Diese Erkenntnis ist zweifellos nicht ganz neu. Man könnte sich daher fragen, warum jetzt dieses Schwerpunktheft Lipidtherapie/Arteriosklerose aufgelegt wurde. Ein Grund sind sicherlich die bisher nie da gewesenen Veränderungen im Gesundheitssystem, denen wir uns derzeit gegenüber sehen. Nicht mehr allein die Krankheit des Patienten und die Behandlung durch den Arzt sind von Bedeutung, immer wichtiger werden auch Aspekte der Kosten-Nutzen-Relation für die Therapieentscheidung. In Zeiten schwindender Ressourcen oder Bonus-Malus-Regelungen müssen wir uns sicher sein können, wer wann welche Therapie erhalten sollte - und was sie bringt.

So ist etwa der Zielwert für das LDL-Cholesterin derzeit Thema unzähliger Diskussionen. Vielfach wird sogar der Eindruck erweckt, es handele sich um eine vollkommen unklare Frage, deren Beantwortung in weiter Ferne läge. Tatsächlich ist die Datenlage jedoch bei weitem nicht so diffus wie es nach einer Vielzahl von Veröffentlichungen in deutschen Publikumsmedien in den letzten Monaten den Eindruck macht. So wies eine aktuelle Metaanalyse aus 14 Studien, an denen insgesamt 90056 Personen teilnahmen, den Zusammenhang zwischen erhöhten LDL-Werten und kardiovaskulärem Risiko erneut überzeugend nach. Die „Cholesterol Treatment Trialists' (CTT) Collaboration”, veröffentlichte diese Analyse im Jahre 2005 in der Fachzeitschrift „Lancet”.
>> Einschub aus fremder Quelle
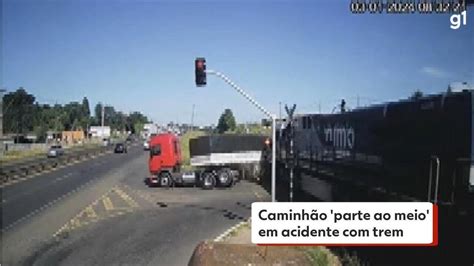 V Deo Caminh O Parte Ao Meio Em Acidente Trem Em Ponta Grossa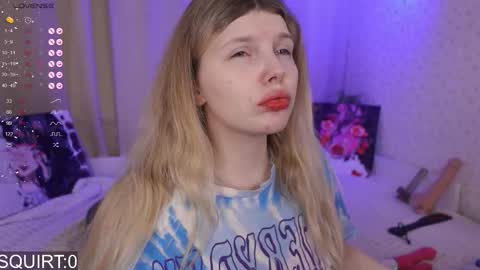 Snapshot of _aleksa chatting on 11/16/25, 06:08 Alexa online show from 11/16/25, 06:08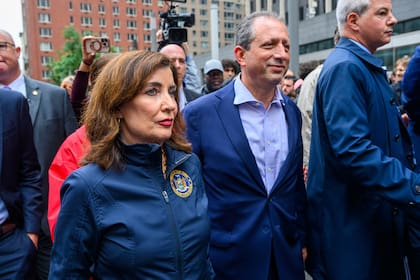 Nassau se convierte en el primer condado de Nueva York en firmar el polémico programa 287(g) con ICE bajo la administración Trump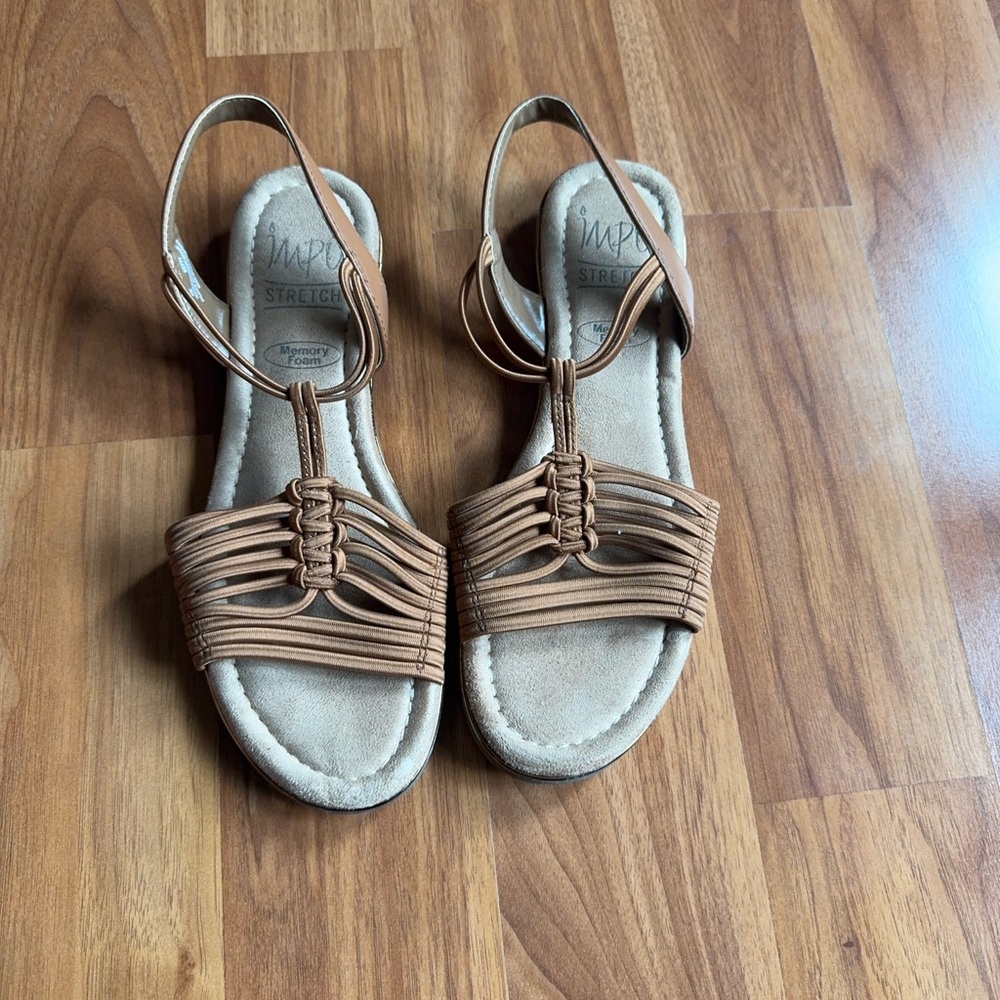 Impo Women's Brown Strappy Sandals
Nicht nur der LDL Zielwert ist (unberechtigterweise) Diskussionsthema. Viele weitere Fragen zu Diagnostik und Therapie sind ebenfalls Dauerbrenner. Dazu zählen Fragen wie: Wie soll das LDL-Cholesterin bei welchen Patienten gesenkt werden? Welche Diagnostik ist beim jungen Menschen mit vaskulärem Risiko sinnvoll? Welche Rolle spielt das HDL-Cholesterin? Welche Konsequenzen hat unser Lebensstil für die Entwicklung einer Arteriosklerose bereits bei jungen Menschen? Was bringen Fibrate? Dürfen wir Patienten, bei denen eine nur geringe absolute Risikoreduktion zu erwarten ist, eine Behandlung der Dyslipoproteinämie vorenthalten? Diese Liste ist sicherlich nicht vollständig. Doch sie macht deutlich, warum auch ein so populäres Thema wie die Lipidtherapie bei kardiovaskulären Erkrankungen weiter spannend bleibt. Gerade die Häufigkeit von Apoplex und Herzinfarkt hat letztendlich auch dazu geführt, dass hier bei Diagnostik und Therapie in den letzten Jahren ungeheure Fortschritte erzielt wurden. Weitere Innovationen sind in den nächsten Jahren zu erwarten.

Der Schriftleitung des klinikarzt gilt daher mein Dank, dass sie sich entschlossen hat, dem Thema der Lipidtherapie bzw. der Arteriosklerose ein Schwerpunktheft zu widmen. In diesem Sinne wünsche ich allen Lesern viel Vergnügen mit dieser Ausgabe.